**TASK DIRECTIONS**
Every record must appear in your copy exactly as written, with no pictures.

Start of SUPPLIED ENTRIES

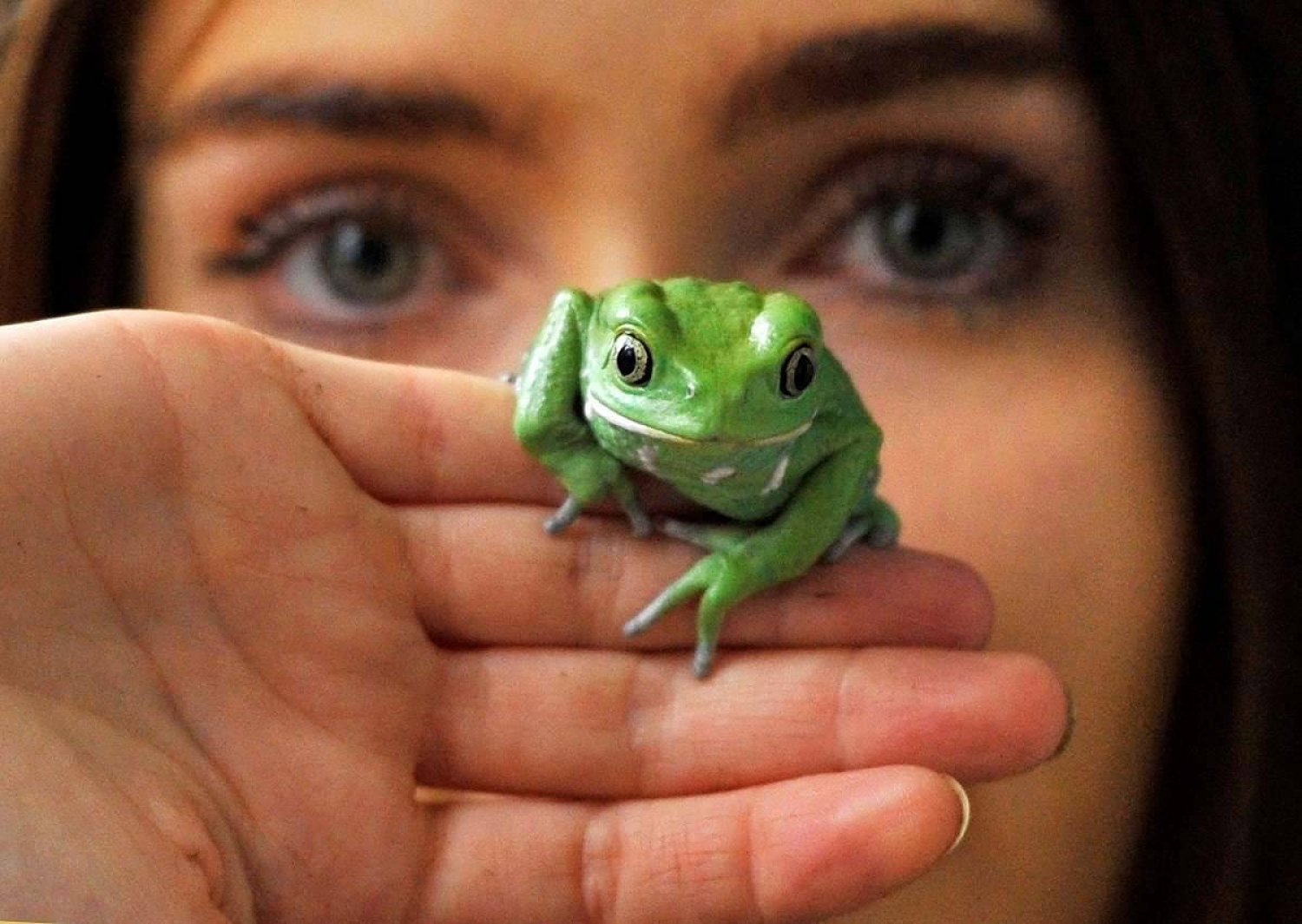 A tree frog at London Zoo in January 2012. Reuters file photo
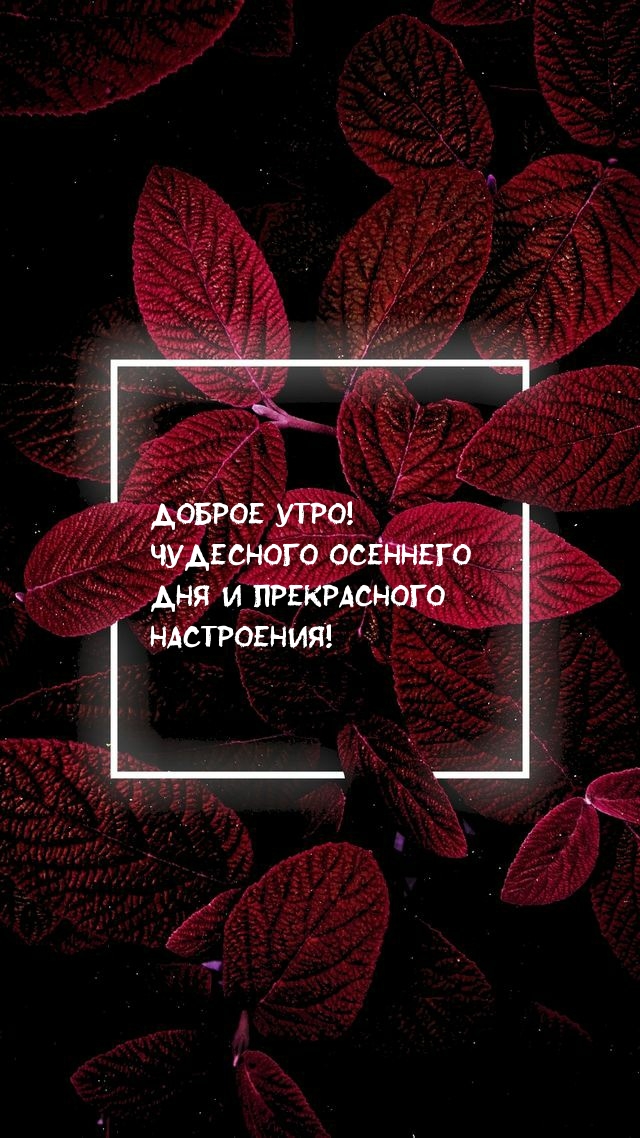 Доброе утро! Чудесного осеннего дня и прекрасного настроения!.
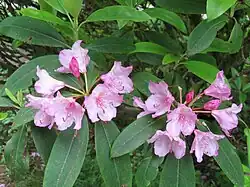 Close-up of flowers.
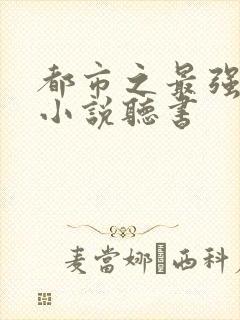 都市之最强狂兵小说听书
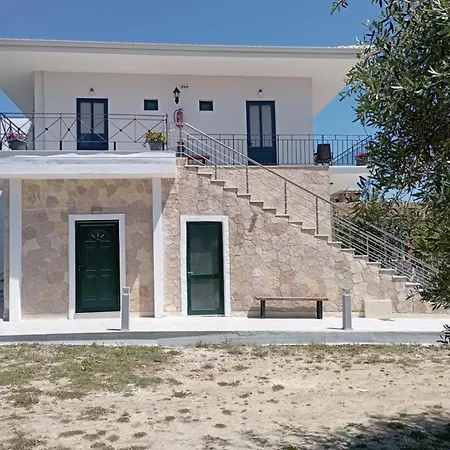 Olive House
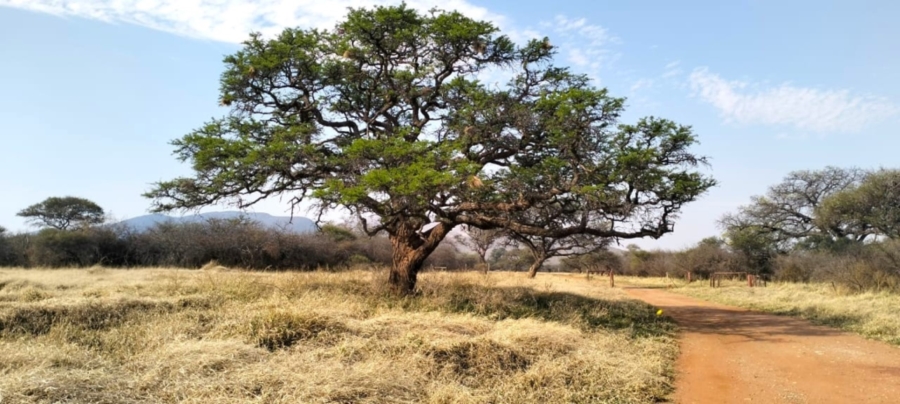 6 Bedroom Property for Sale in Mokopane Rural Limpopo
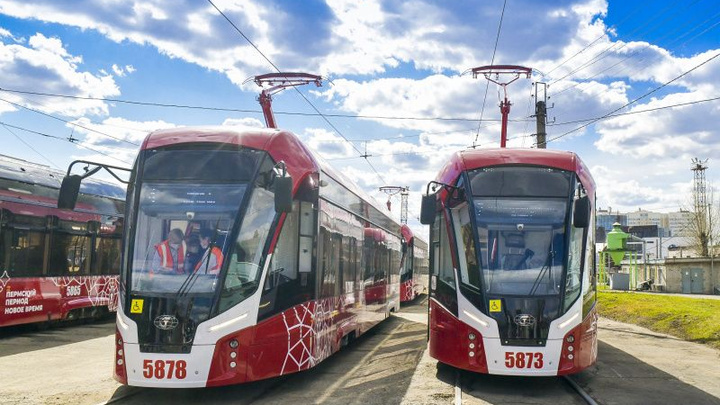 «Львята» на линии: в Перми запустили 7 новых трамваев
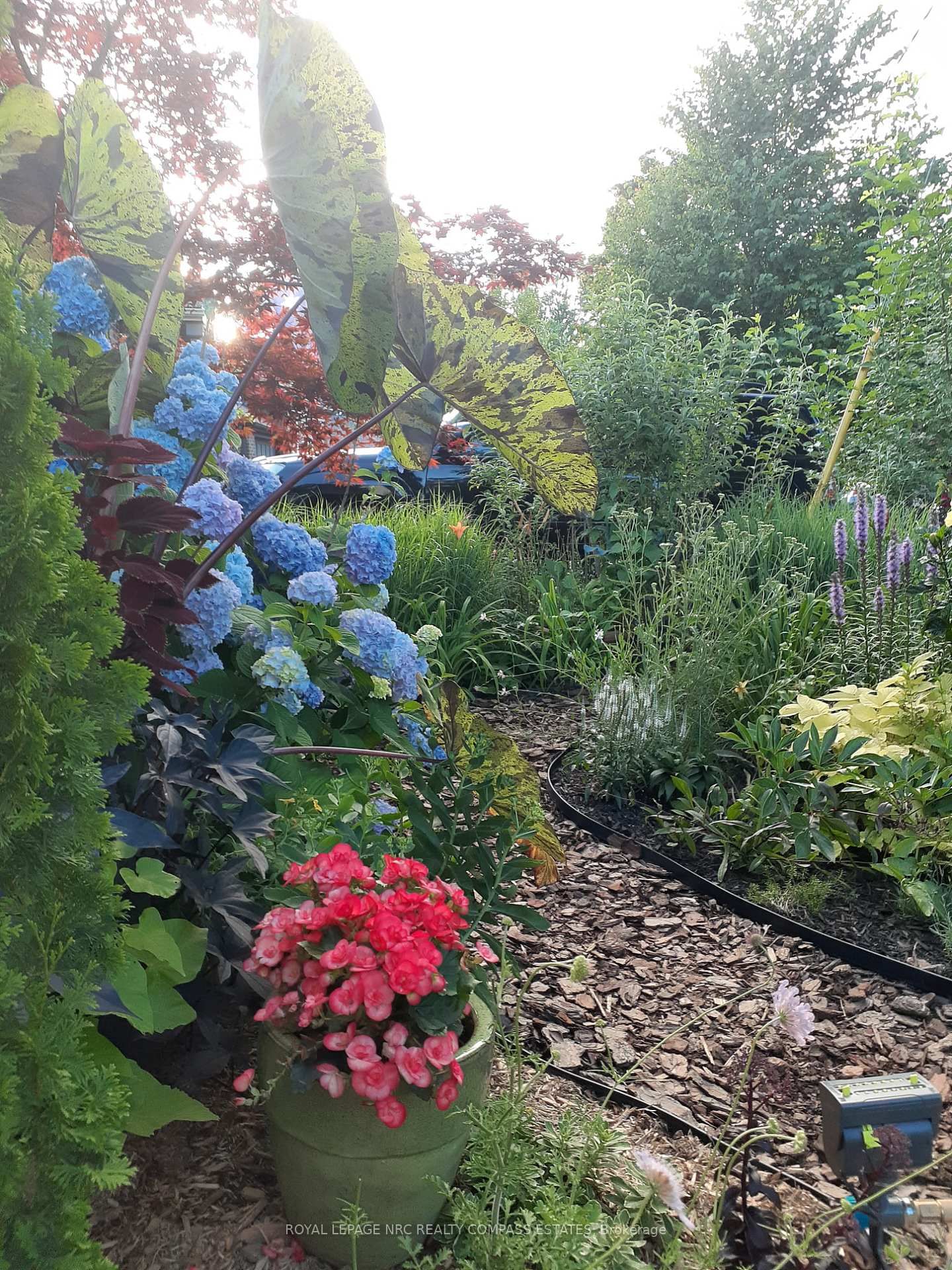 Detached House for sale at 31 Queen Mary Drive, St. Catharines, Ontario, L2R 2J3 - Downtown - MLS: X12945160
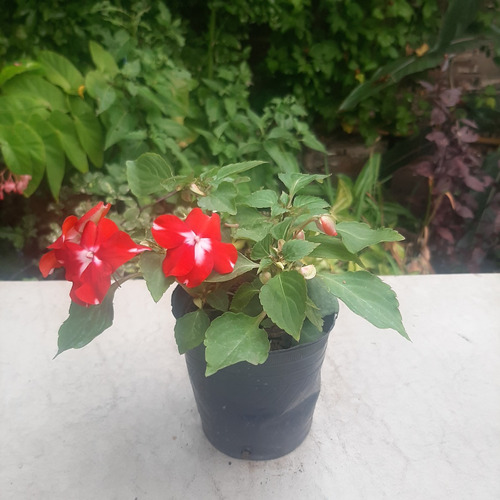 Imagen 2 de 4 de Planta Alegria Del Hogar Rojo Y Blanco Moron Raices Arcoiris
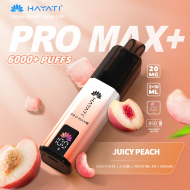 Hayati Pro Max+ 6000 Puffs 20mg - Juicy Peach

End of SUPPLIED ENTRIES

**TASK OUTPUT**
 A tree frog at London Zoo in January 2012. Reuters file photo
 Доброе утро! Чудесного осеннего дня и прекрасного настроения!.
 Close-up of flowers.
 都市之最强狂兵小说听书
 Olive House
 6 Bedroom Property for Sale in Mokopane Rural Limpopo
 «Львята» на линии: в Перми запустили 7 новых трамваев
 Detached House for sale at 31 Queen Mary Drive, St. Catharines, Ontario, L2R 2J3 - Downtown - MLS: X12945160
 Imagen 2 de 4 de Planta Alegria Del Hogar Rojo Y Blanco Moron Raices Arcoiris
 Hayati Pro Max+ 6000 Puffs 20mg - Juicy Peach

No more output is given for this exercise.